0

The raw data shape is (200000 * 15) but after pre-processing the data and applying OneHotEncoding the data dimension has got increased to (200000 * 300).

The data needs to be trained with Linear Regression, XGBoost and RF for predictive modeling. Earlier LabelEncoder had been used and the results are not satisfactory.

(200000 * 300) is consuming a whole lot of RAM and slapping MemoryError while training the data.

  • Running on Jupyter Notebook AWS with 16 gb RAM
  • Using sklearn for most of the ML part
  • Data is in csv format (loaded as DataFrame in Python)

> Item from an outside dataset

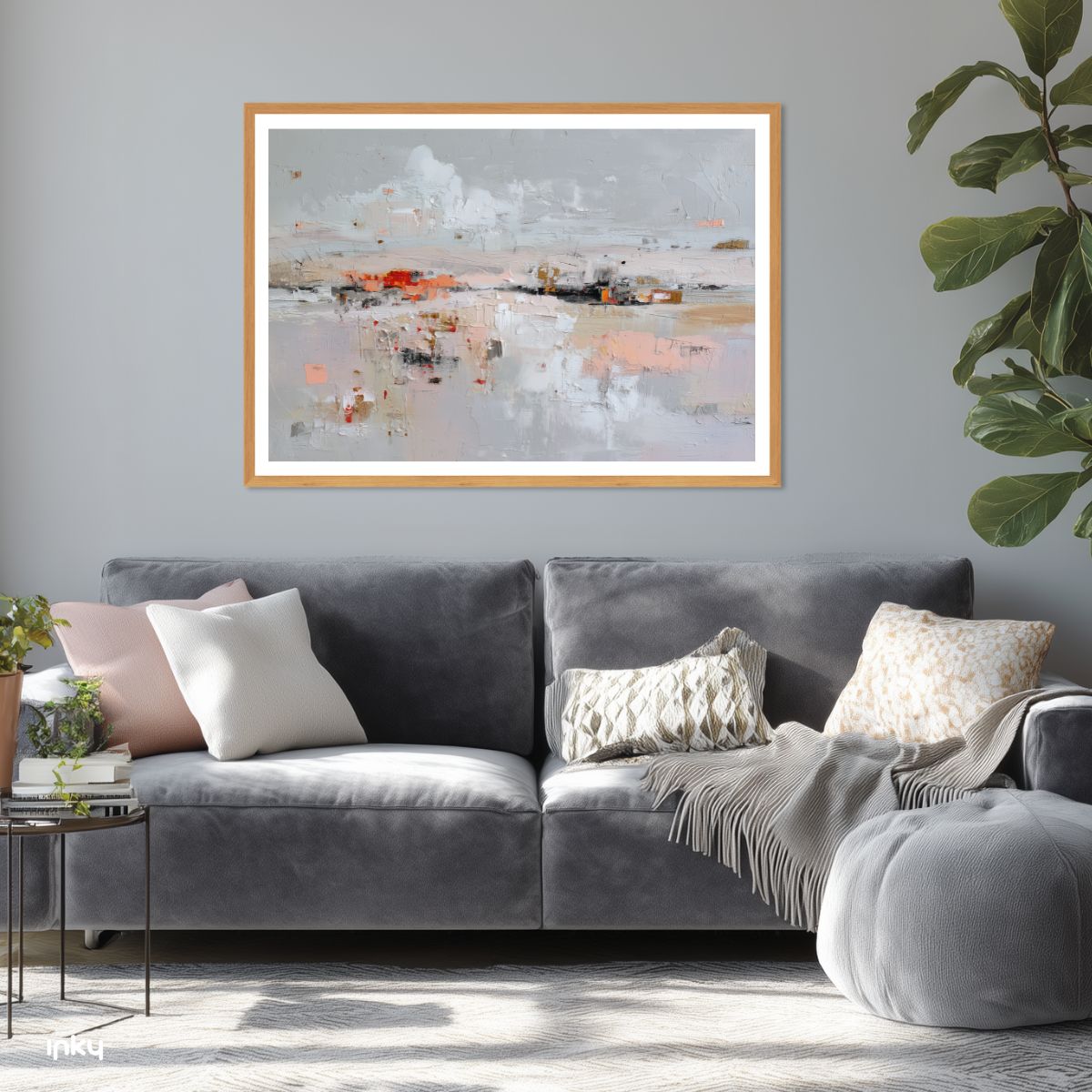 פוסטר ציור מופשט בגווני אפור ורוד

Would appreciate any suggestion !

Tomasz Giba
  • 507
  • 1
  • 8
  • 22
Soumyaansh
  • 8,626
  • 7
  • 45
  • 45
  • try this: https://stackoverflow.com/a/4285292/2075165 here is a simple python memory capacity test. Maybe it will give you an idea what is too much memory. I understand that "15" is number of columns. What is stored in these columns? Or, how much data is used by one row? If you would calculate that then multiplying this by 200 000 would give you an idea how much memory is being consumed. Also, how big is this `csv` file. Maybe it takes too much and you should process it in chunks. – Tomasz Giba Dec 07 '17 at 14:02
  • Thanks for the link @TomaszGiba, the csv is of 400 mb which is relatively not that big but as I mentioned the dimension(columns) has been increased because of applying OneHotEncoding which replaces all the categorical values to either 1 or 0. I will go through the link thanks a lot – Soumyaansh Dec 07 '17 at 14:23
  • 1
    Yeah, that is not much. Even if columns are extrapolated from 15 to 300 it is still one bit per column. So, 200 000 * 300 bits is 0,01 GB and plus 400 mb for file you should still have tons of RAM left. Something is fishy. – Tomasz Giba Dec 07 '17 at 14:26
  • Maybe convert to sparse matix before processing – Vivek Kumar Dec 11 '17 at 09:07
  • Where is the actual memory error happening? What stage of your training? – rayryeng Dec 15 '17 at 10:13

0 Answers0